Abbott’s language is a big step down at a time when what is needed is just the opposite. His shirt front challenge evokes the primitive physicality of the Australian true-blue bloke, squaring off against his adversary and settling a difference of opinion with his fists. Apart from the ludicrous image it conjures of a mismatch between the keen amateur and the hardened professional slugger, Abbott’s promise to square off against Putin is an empty gesture. It is a faint reassurance to the nation.
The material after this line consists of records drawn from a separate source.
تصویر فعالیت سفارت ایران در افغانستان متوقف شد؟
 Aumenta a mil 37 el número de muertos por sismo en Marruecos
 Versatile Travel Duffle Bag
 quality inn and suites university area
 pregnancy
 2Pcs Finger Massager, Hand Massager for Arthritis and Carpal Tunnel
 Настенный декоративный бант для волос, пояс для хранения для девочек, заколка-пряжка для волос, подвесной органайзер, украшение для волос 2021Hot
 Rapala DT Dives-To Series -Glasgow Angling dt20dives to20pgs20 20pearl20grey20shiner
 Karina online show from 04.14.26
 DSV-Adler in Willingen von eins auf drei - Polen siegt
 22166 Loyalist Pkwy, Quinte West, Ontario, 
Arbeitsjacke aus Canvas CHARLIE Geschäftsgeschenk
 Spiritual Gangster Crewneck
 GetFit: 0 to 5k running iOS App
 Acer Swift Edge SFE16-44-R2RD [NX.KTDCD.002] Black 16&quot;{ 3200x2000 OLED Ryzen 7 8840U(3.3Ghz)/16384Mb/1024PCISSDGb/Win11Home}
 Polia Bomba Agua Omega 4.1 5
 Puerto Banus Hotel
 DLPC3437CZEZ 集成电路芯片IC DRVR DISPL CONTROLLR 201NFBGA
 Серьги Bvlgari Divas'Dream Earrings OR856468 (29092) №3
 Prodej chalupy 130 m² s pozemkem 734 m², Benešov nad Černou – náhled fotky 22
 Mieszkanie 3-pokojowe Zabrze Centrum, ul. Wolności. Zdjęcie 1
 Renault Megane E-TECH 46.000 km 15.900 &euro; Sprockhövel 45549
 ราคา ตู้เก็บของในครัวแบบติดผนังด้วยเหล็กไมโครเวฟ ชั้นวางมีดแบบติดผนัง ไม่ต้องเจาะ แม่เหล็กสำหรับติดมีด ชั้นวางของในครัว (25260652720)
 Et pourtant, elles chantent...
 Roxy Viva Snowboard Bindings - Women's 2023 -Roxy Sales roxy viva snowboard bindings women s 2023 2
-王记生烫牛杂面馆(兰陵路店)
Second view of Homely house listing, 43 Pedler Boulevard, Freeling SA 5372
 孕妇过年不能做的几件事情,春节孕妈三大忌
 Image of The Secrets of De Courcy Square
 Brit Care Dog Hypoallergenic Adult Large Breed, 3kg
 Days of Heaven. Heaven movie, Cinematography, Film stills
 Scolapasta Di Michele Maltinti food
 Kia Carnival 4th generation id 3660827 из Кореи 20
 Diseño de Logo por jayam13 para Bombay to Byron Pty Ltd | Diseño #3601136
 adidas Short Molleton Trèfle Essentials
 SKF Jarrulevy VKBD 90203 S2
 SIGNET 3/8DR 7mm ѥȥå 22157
His comical but wrong-headed vow to put pressure on the Russian President, to confront him as the only way of holding him to account is a patently silly and potentially risky gambit against a ruthlessly powerful adversary with nothing to lose in continuing on his chosen path of denial and disavowal when all the evidence points to an increasingly compelling case for indictment. In terms of his electoral appeal, it may be that Abbott’s instincts sense a primitive point of resonance with the average voter over his Paul Hogan type heroics but wiser heads would question whether he really needs another caricature at this moment in his career. Nor does it help the cause of international relations when any leader descends to this type of behaviour. The shirt front stunt is an affront on all fronts.